As I wrote in another posting: If perl hadn't been told to destroy the
input file, also telling it to make a backup of that before doing so
wasn't necessary. While this probably doesn't matter much for a
trivial example like this, 'not using -i' also means that the code can
be debugged and fixed without constantly renaming files or losing the
original input file altogether in case the 'backup request' was
accidentally forgotten.
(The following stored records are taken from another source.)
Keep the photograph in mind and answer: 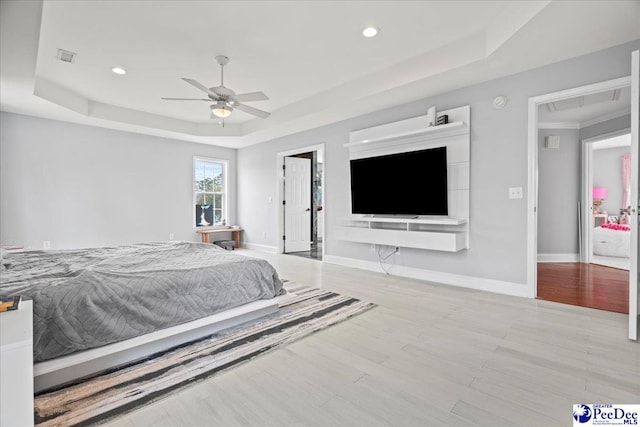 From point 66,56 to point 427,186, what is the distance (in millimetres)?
4560

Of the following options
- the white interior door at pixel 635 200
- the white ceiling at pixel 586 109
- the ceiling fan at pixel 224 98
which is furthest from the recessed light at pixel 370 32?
the white ceiling at pixel 586 109

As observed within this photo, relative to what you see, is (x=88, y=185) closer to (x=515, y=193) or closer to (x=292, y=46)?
(x=292, y=46)

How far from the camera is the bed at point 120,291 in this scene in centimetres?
173

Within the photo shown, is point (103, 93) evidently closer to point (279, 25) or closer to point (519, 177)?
point (279, 25)

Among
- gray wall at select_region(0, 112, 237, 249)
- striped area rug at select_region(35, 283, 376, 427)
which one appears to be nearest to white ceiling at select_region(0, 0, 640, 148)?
gray wall at select_region(0, 112, 237, 249)

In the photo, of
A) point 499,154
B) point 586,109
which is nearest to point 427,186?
point 499,154

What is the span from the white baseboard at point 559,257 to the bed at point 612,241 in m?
0.73

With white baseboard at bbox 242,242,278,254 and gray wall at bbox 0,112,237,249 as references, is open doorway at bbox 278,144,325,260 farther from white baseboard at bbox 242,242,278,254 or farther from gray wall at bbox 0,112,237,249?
gray wall at bbox 0,112,237,249

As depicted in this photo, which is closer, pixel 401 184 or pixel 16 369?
pixel 16 369

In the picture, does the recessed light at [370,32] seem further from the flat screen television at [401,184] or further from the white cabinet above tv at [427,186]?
the flat screen television at [401,184]

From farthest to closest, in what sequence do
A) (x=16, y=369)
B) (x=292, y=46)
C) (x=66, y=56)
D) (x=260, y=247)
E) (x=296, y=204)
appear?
(x=260, y=247), (x=296, y=204), (x=66, y=56), (x=292, y=46), (x=16, y=369)

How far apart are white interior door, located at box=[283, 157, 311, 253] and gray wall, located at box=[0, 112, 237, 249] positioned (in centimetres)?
Answer: 215

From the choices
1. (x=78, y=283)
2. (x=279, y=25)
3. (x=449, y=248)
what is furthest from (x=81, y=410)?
(x=449, y=248)

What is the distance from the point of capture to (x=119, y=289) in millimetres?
1957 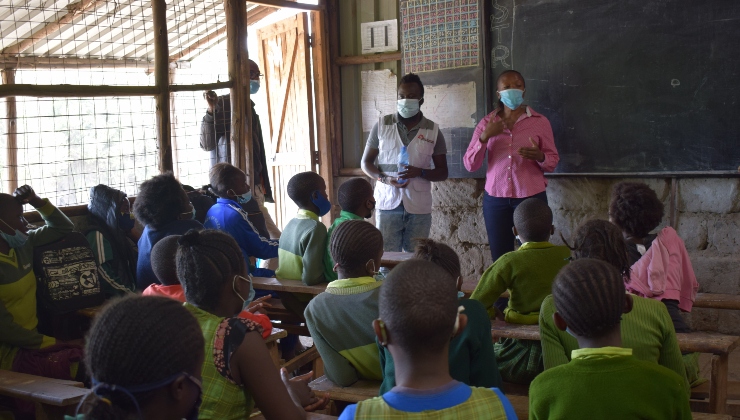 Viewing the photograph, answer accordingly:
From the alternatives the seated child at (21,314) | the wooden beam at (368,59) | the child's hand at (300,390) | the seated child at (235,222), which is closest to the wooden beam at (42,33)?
the wooden beam at (368,59)

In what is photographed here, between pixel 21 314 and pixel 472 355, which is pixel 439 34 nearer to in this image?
pixel 21 314

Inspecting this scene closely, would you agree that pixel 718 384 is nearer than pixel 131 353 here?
No

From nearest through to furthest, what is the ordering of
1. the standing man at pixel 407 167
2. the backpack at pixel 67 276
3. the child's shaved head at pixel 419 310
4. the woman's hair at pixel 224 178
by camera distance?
1. the child's shaved head at pixel 419 310
2. the backpack at pixel 67 276
3. the woman's hair at pixel 224 178
4. the standing man at pixel 407 167

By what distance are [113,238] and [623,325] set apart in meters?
2.89

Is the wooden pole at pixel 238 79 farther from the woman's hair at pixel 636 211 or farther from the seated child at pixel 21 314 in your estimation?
the woman's hair at pixel 636 211

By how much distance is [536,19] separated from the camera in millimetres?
5246

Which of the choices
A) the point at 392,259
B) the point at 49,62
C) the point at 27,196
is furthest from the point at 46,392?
the point at 49,62

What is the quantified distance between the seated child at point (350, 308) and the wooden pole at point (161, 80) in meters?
2.83

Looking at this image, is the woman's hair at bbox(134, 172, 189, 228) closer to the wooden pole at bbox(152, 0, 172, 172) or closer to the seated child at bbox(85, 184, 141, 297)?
the seated child at bbox(85, 184, 141, 297)

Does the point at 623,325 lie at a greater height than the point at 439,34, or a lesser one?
lesser

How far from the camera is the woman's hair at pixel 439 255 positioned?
2.50m

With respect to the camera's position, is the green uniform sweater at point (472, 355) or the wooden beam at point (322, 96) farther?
the wooden beam at point (322, 96)

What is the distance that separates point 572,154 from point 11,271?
3624 millimetres

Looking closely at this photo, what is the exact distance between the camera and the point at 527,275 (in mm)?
2891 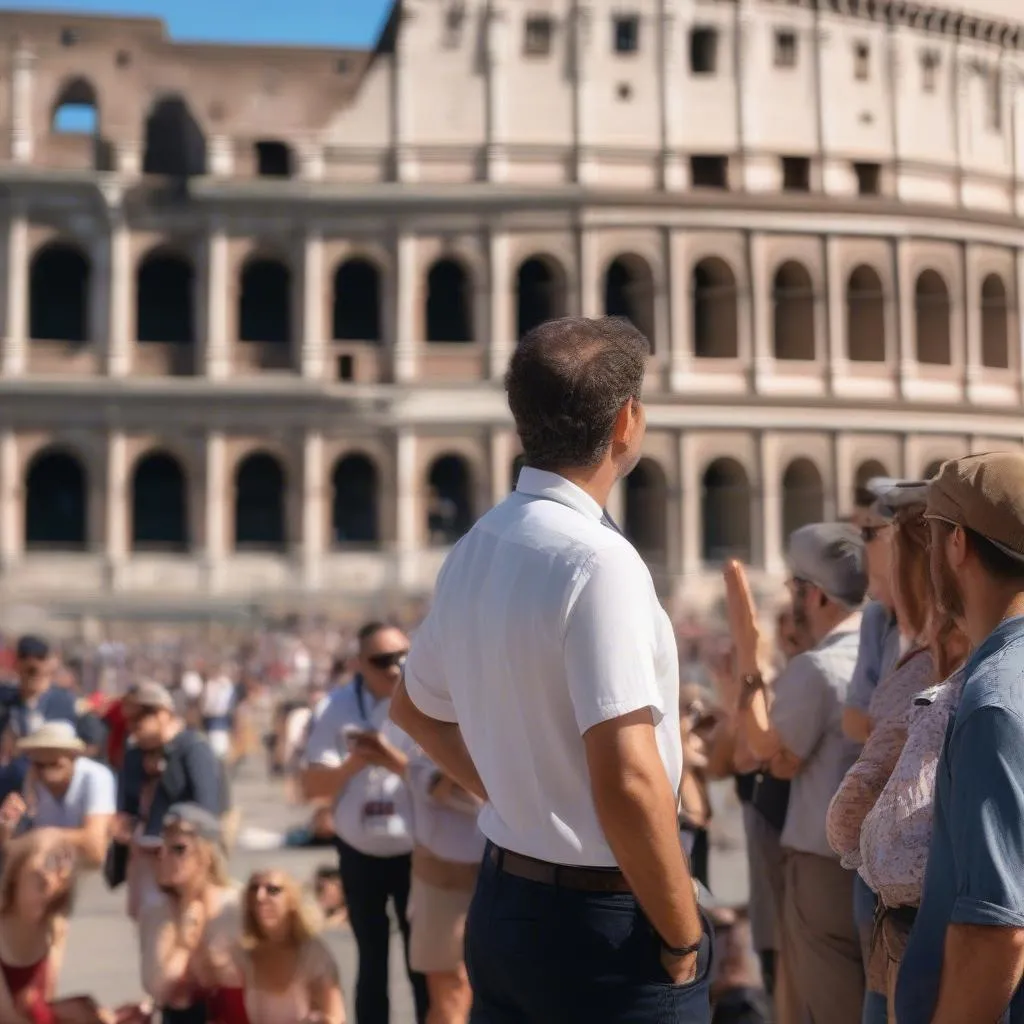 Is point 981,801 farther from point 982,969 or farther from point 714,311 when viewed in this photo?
point 714,311

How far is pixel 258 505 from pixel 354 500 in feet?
6.14

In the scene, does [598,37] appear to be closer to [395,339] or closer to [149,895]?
[395,339]

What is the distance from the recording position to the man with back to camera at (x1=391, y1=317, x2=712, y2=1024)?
2.82m

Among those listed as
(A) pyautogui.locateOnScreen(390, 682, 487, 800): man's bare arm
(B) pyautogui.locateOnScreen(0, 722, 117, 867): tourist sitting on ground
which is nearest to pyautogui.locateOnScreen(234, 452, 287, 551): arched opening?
(B) pyautogui.locateOnScreen(0, 722, 117, 867): tourist sitting on ground

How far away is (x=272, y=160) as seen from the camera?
33.0 metres

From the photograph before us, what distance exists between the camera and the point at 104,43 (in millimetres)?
32750

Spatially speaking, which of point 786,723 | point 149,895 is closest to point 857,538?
point 786,723

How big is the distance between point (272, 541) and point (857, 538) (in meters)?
27.9

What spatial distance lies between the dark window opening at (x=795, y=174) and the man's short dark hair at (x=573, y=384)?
104 feet

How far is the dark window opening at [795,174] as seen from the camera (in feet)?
111

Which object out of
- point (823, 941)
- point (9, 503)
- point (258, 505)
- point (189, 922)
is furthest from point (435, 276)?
point (823, 941)

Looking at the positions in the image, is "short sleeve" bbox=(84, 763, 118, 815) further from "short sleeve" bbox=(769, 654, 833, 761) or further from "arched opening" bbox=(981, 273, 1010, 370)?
"arched opening" bbox=(981, 273, 1010, 370)

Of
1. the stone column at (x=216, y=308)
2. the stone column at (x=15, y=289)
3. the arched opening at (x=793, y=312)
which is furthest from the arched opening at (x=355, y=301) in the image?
the arched opening at (x=793, y=312)

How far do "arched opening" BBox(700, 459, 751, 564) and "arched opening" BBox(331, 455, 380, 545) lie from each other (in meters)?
6.53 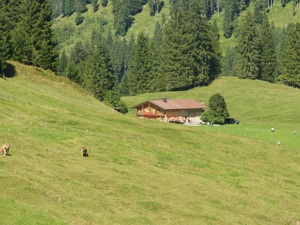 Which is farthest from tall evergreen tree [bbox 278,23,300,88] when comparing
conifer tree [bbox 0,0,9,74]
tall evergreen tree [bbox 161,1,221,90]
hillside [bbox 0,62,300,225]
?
conifer tree [bbox 0,0,9,74]

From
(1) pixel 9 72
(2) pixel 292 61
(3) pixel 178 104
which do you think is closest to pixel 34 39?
(1) pixel 9 72

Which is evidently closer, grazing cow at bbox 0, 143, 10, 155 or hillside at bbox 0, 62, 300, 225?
hillside at bbox 0, 62, 300, 225

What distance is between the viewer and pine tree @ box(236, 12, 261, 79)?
165875 mm

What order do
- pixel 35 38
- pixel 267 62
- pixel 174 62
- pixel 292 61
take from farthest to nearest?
1. pixel 267 62
2. pixel 292 61
3. pixel 174 62
4. pixel 35 38

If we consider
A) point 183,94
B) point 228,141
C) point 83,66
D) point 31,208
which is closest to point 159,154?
point 228,141

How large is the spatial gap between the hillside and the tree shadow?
3.30 feet

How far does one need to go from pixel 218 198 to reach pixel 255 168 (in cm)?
2021

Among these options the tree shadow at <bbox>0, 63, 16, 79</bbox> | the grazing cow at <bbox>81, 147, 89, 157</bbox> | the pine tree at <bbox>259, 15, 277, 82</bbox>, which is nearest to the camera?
the grazing cow at <bbox>81, 147, 89, 157</bbox>

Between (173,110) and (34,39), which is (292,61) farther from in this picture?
(34,39)

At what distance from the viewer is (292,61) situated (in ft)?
531

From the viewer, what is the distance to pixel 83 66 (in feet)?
600

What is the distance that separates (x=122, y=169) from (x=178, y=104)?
73.7m

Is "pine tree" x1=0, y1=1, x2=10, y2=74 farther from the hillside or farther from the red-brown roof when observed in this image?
the red-brown roof

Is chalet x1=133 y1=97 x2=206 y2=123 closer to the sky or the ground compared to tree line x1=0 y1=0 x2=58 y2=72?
closer to the ground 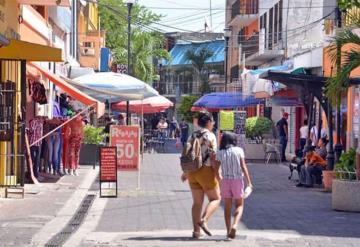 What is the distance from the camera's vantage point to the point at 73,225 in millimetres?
13383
This also enables use of the script(let) as
'another filter' in a more complicated pipeline.
------------------------------
Date: Tue, 12 Feb 2013 18:41:08 +0000
From: Ben Morrow <ben@morrow.me.uk>
Subject: Re: Date in CSV/TSV question
Message-Id: <4vequ9-pc71.ln1@anubis.morrow.me.uk>
Quoth Rainer Weikusat <rweikusat@mssgmbh.com>:
> Ben Goldberg <ben-goldberg@hotmail.com> writes:
> >
> > Don't forget that you can use perl's "command line" switches even when
> you put your program in a file.
> > #!/usr/bin/perl -pi.bak
> > BEGIN {
> > %months = map {;$_, sprintf('%02d', ++$n)}
> > qw(Jan Feb Mar Apr May Jun Jul Aug Sep Oct Nov Dec);
> > }
> > s/^"(\d+)\s+(\S+)\s+(\d+)"/"$3-$months{$2}-$1"/;
> > __END__
>
> The 'BEGIN' serves no useful purpose here: %months needs to be
> initialized before the while-loop uses it. Since statements in a file
> are executed consecutively (anything else would probably be 'a little
> confusing' :-), this will be the case with either variant.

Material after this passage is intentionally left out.